What awed me more than anything about New York City was the shoreline walk itself.  I have fallen in love with rivers after building a 50 dollar wooden boat, and have since seen many of them.   I suspect that many New Yorkers, even some of your Shorewalkers, may not grasp what you have.   I was able to hike along a well maintained and paved walkway, with mostly unobstructed views of the Hudson and East River, for over 20 miles.   There maybe no other place in the New World, or even the whole world, where seeing so much of a river on foot is possible. All the others that I have ever seen are mostly blocked from shoreline view by vegetation and have many stretches where barge shipping or dangerous rapids make a small personal boat impossible.   I will say it again that New Yorkers may not grasp what they have, if they haven’t lived elsewhere.

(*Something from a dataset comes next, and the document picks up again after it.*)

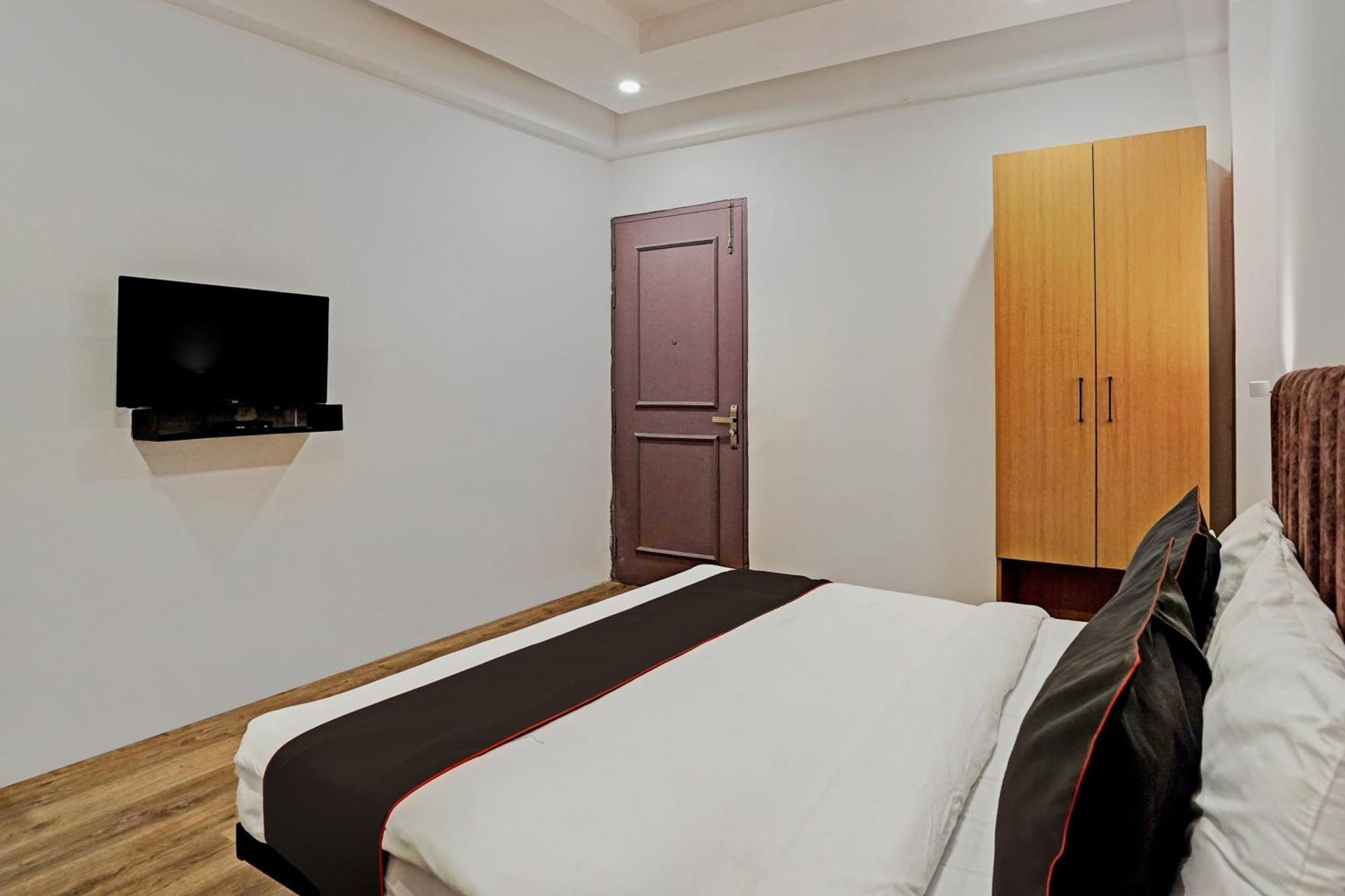 Super Townhouse Sector 57 Near Bestech Central Square Mall Ґурґаон Екстер'єр фото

The Hudson and East River were nothing at all like what I expected to see.   Because of the inevitable hype that your iconic city gets, I was expecting to see open sewers full of floating garbage and unnatural foams.  But what I did see were rivers of spectacular width, as breathtaking beautiful as any I have seen.  I could have spent the whole day just staring at either of them and feeling my breath catch, if I didn’t have that hike to do.

The Streets

The streets inside the city that I saw were also not what I expected.  Again from the hype, I thought I would see an old, dirty, decaying town full of dangerous people not to meet after dark.  But I saw nothing remotely of the sort, even though I was told these were not the upper crust neighborhoods I was seeing but the average ones.   They were much like any city’s, but collectively extraordinary.

I think of cities as population concentrations with infrastructures.  But from what I could see of New York City on the Great Saunter, your home is unique. It seemed to me not so much a city as a living, breathing organism of stationary structures and moving life, in most all ways identical to a natural forest.   I should think that an inhabitant could live there all her life and never need to leave the boundaries of the city to see and do all the things that most of us do.   How cool is that?

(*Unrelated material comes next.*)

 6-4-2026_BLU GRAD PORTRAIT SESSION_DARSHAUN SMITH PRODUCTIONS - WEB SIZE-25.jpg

The Taxi Ride to Fraunces Tavern

The one experience that did match the hype was my taxicab ride from Penn Station to Fraunces.  Had the driver looked Eastern Asian, I would have presumed he was former kamikaze pilot resurrected from the dead.  By every turn of the minute hand there was a near-death experience, but he got me to Fraunces in no time when I was running late, and kept the fare low.  I would have tipped him out of social politeness alone, but instead I did

so instead out of genuine gratitude for his service.  He was a bargain for what I got, and would not have wanted the taxi ride to have been any different.

I also cannot say enough praise for all the time and work your Shorewalkers did to make this event possible.   You gave me something I lived to experience, by getting my second chance at life.   I have no words that are great enough for this gift you gave to me.